■ Task directions
Please give back exactly the line with "Niteangel pétalos coloridos" and each line after it through the end of the material, leaving out the pictures.
══════
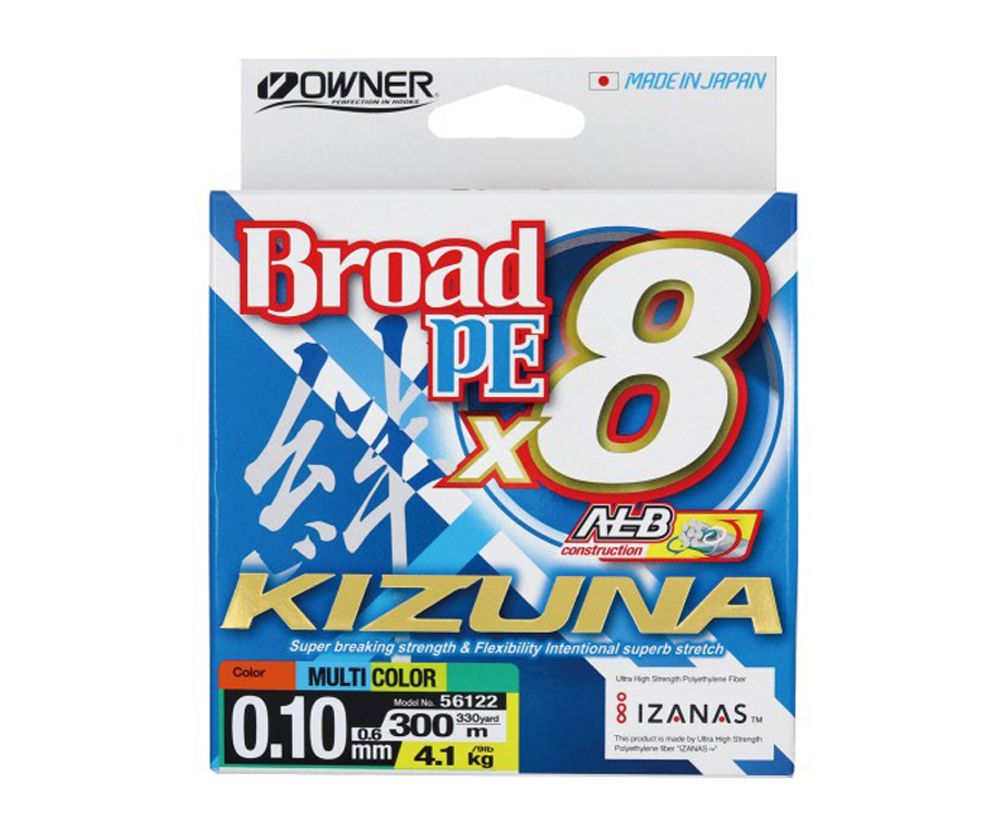 OWNER Шнур Kizuna X8 Broad PE multi color 10м 300м 0.1мм 4.1кг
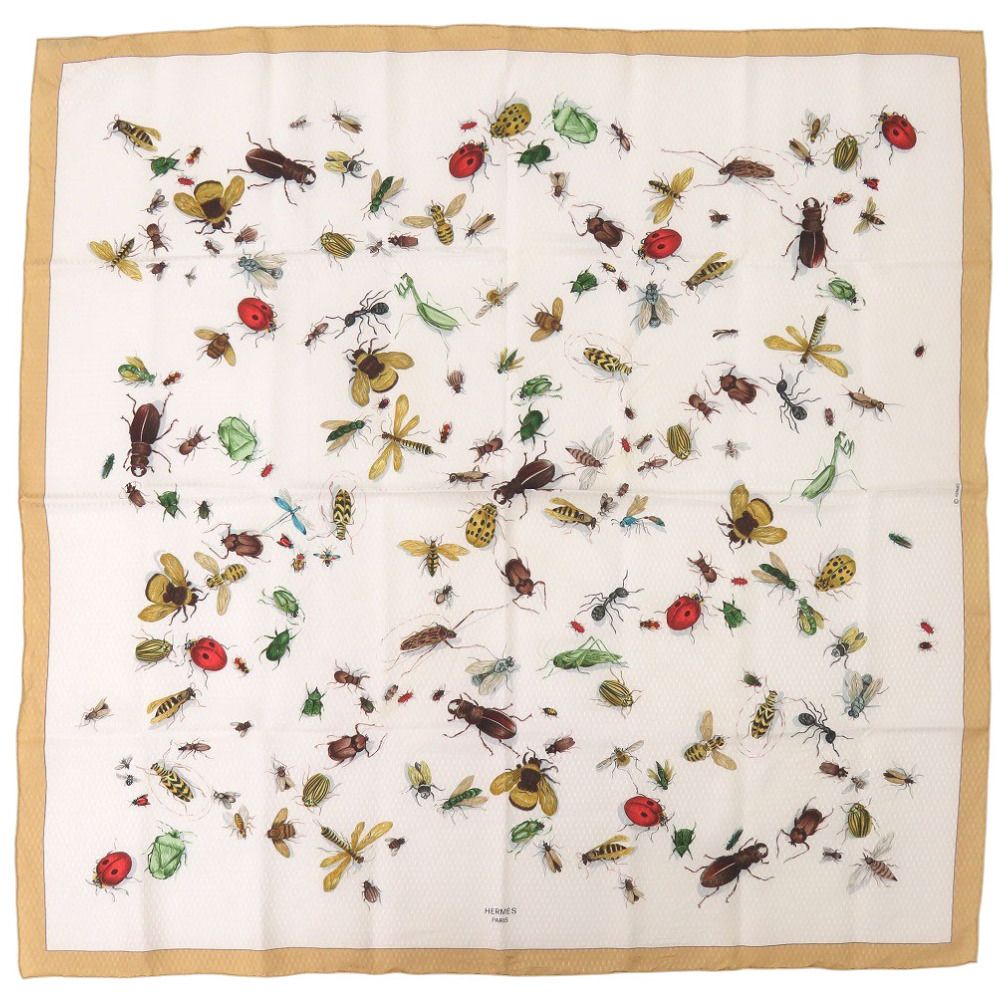 エルメス カレ90 INSECT 昆虫 シルク ベージュ スカーフ 0129 HERMES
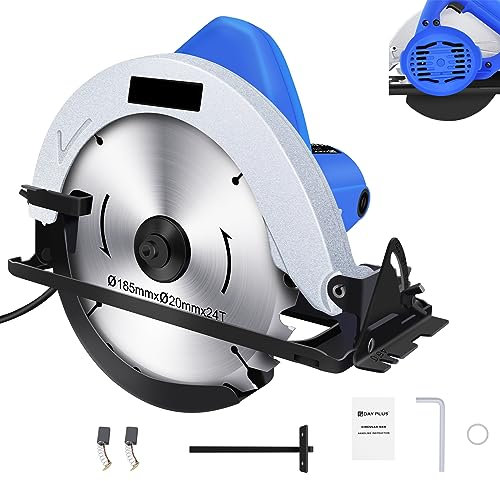 Scie circulaire électrique 900 W, 5000 tr/min, coupe chanfrein réglable à 45 °, interrupteur de sécurité, boîtier de lame en aluminium avec règle de guidage et lame de scie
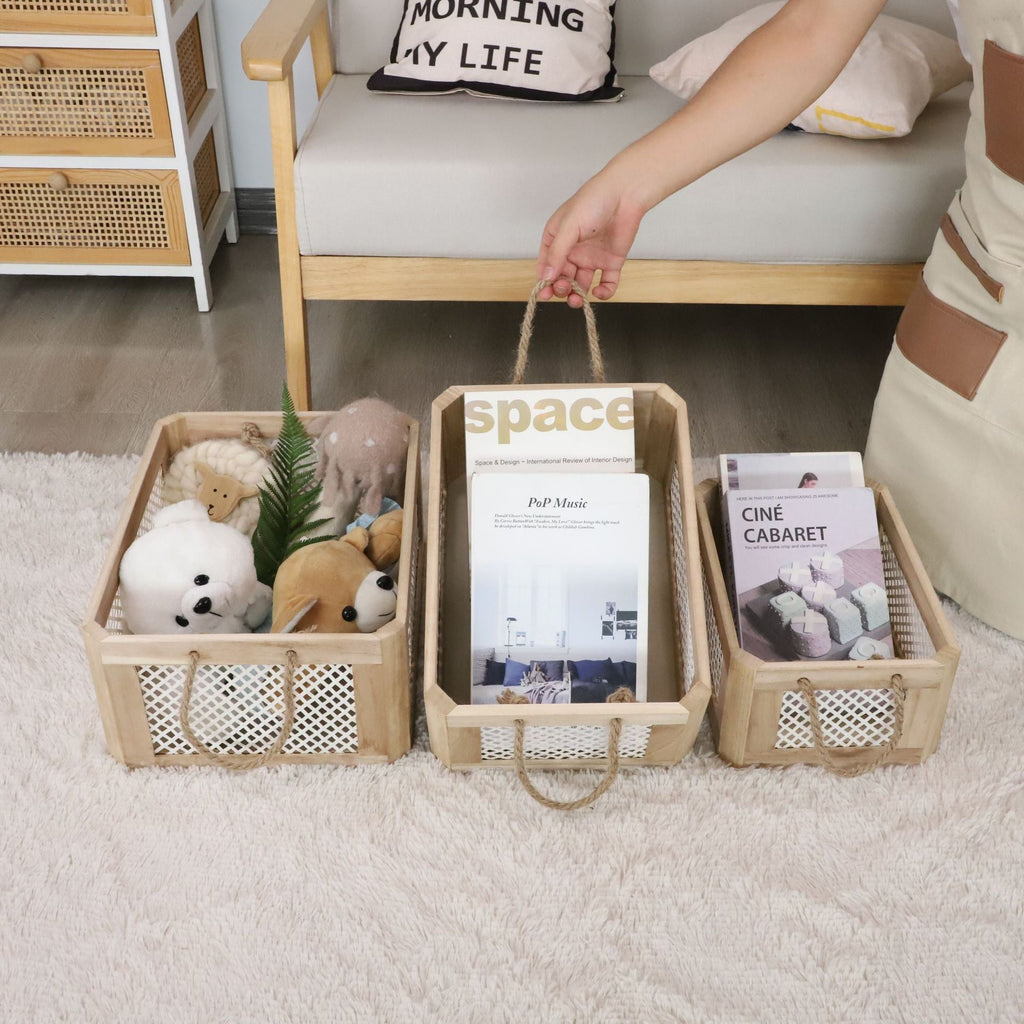 Open Storage Basket with Natural Fiber and Raffia Covering | Thrascher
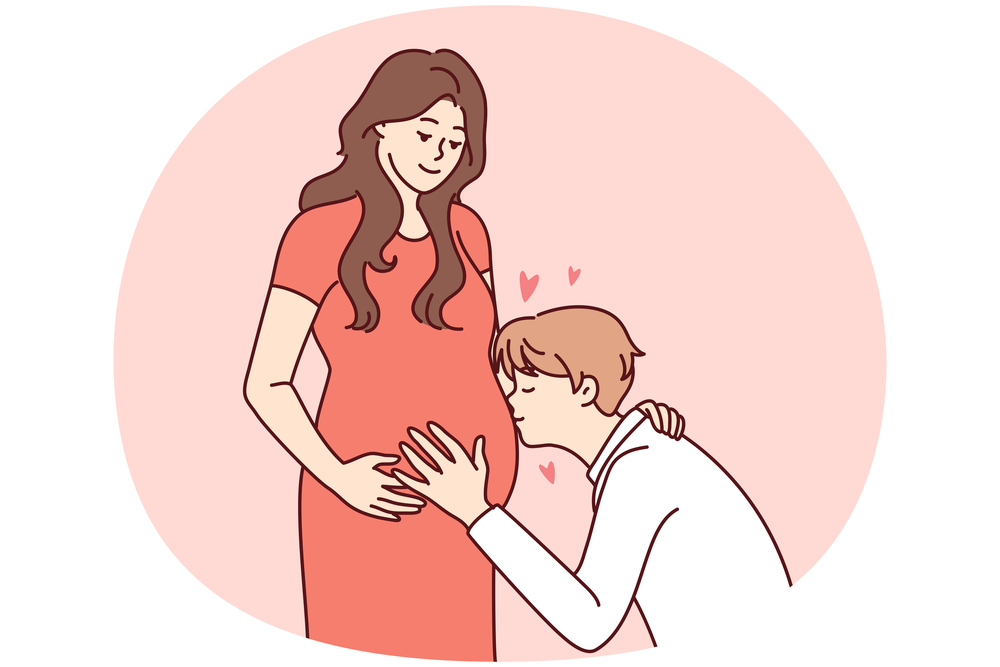 Happy young man kiss pregnant woman belly excited about parenthood. Smiling future father hug wife. Pregnancy and parenting. Vector illustration.. Happy man kiss pregnant woman belly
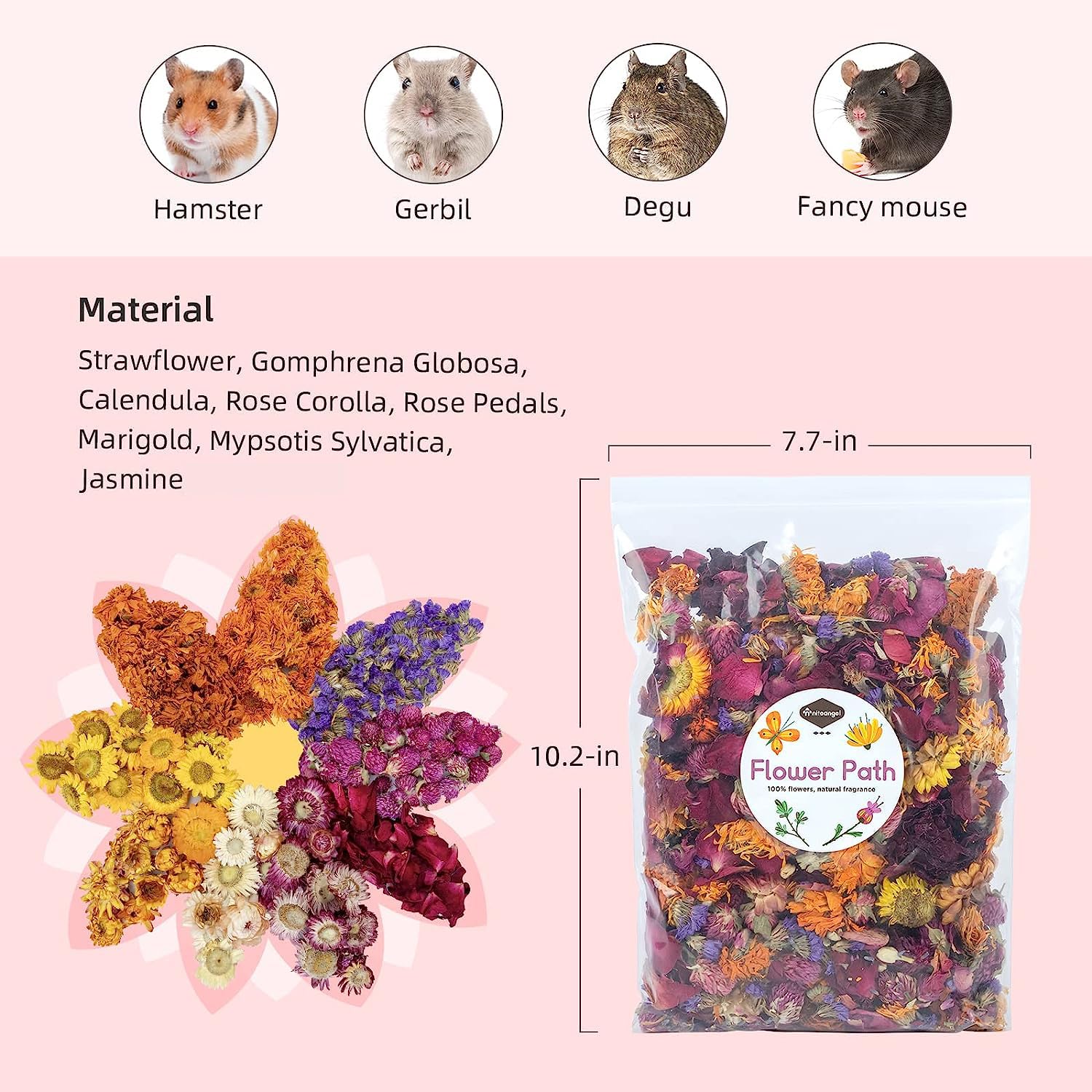 Niteangel pétalos coloridos para hamster, agrega color y estimula la curiosidad segura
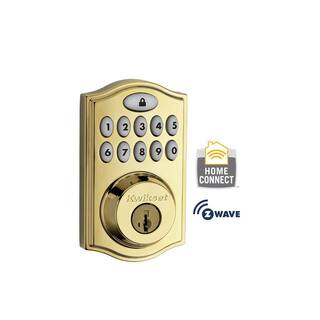 Kwikset Z-Wave SmartCode 914 Lifetime Polished Brass Single Cylinder Electronic Deadbolt Featuring SmartKey Security 914TRLZW500L03R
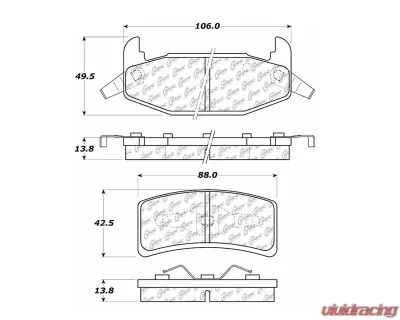 Centric Premium Semi-Metallic Brake Pads with Shims and Hardware 300.03770 - 300.03770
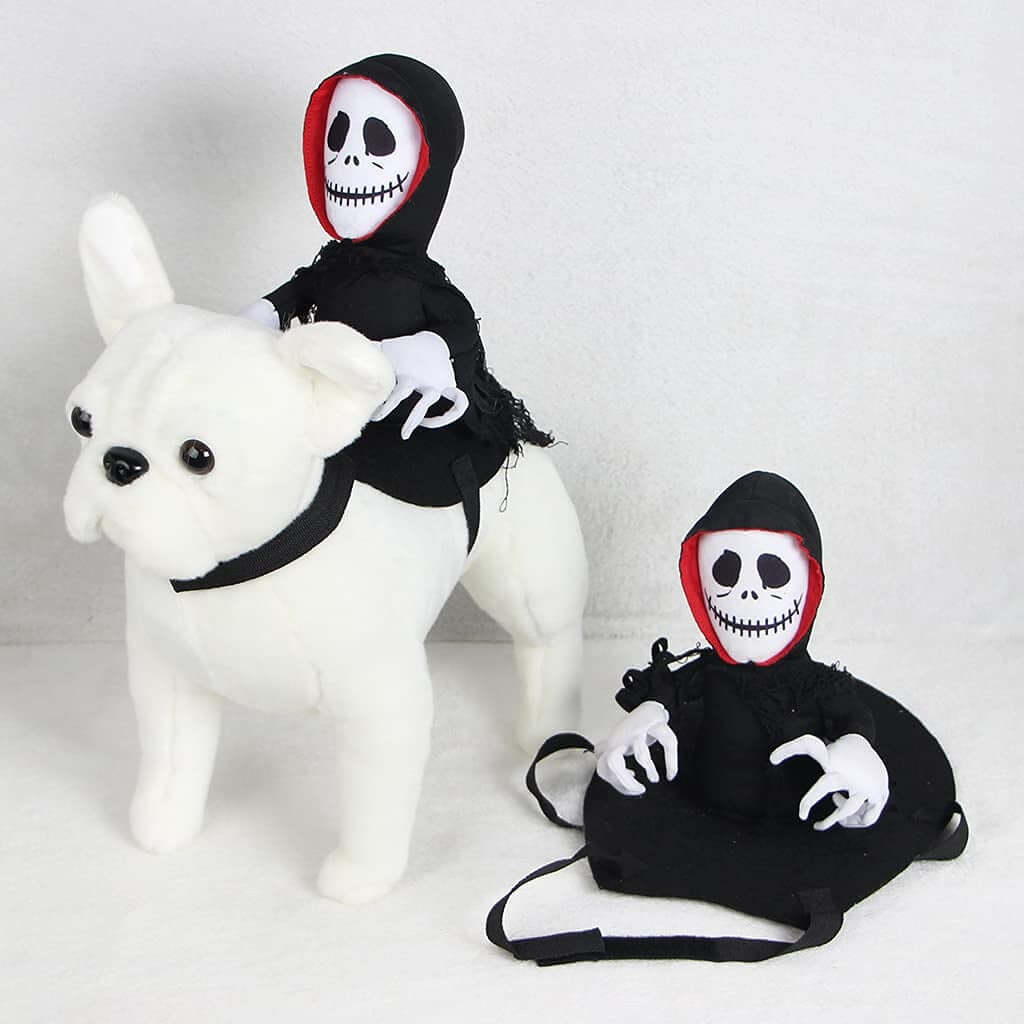 Pet in Halloween costume with skeleton figure, spooky and playful pet outfit for Halloween dress-up.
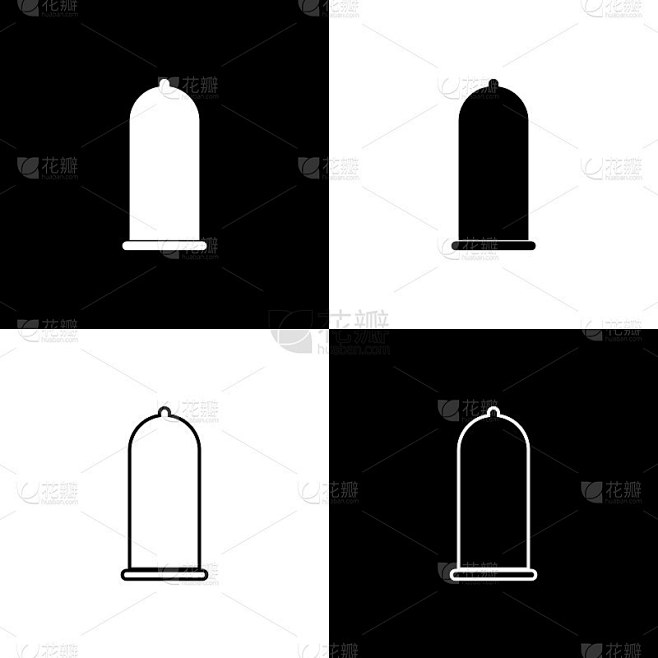 设置安全套安全***标隔离在黑白背景。安全的爱的象征。男性避孕方法。矢量图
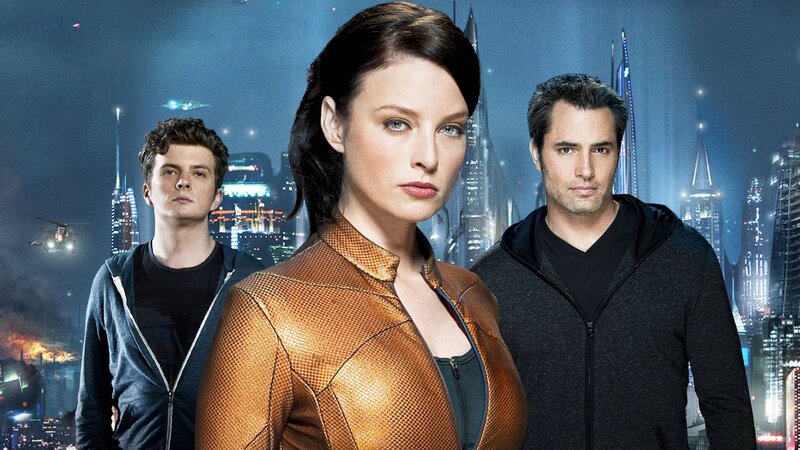 Three People in Futuristic City — Blue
══════
■ Reply
 Niteangel pétalos coloridos para hamster, agrega color y estimula la curiosidad segura
 Kwikset Z-Wave SmartCode 914 Lifetime Polished Brass Single Cylinder Electronic Deadbolt Featuring SmartKey Security 914TRLZW500L03R
 Centric Premium Semi-Metallic Brake Pads with Shims and Hardware 300.03770 - 300.03770
 Pet in Halloween costume with skeleton figure, spooky and playful pet outfit for Halloween dress-up.
 设置安全套安全***标隔离在黑白背景。安全的爱的象征。男性避孕方法。矢量图
 Three People in Futuristic City — Blue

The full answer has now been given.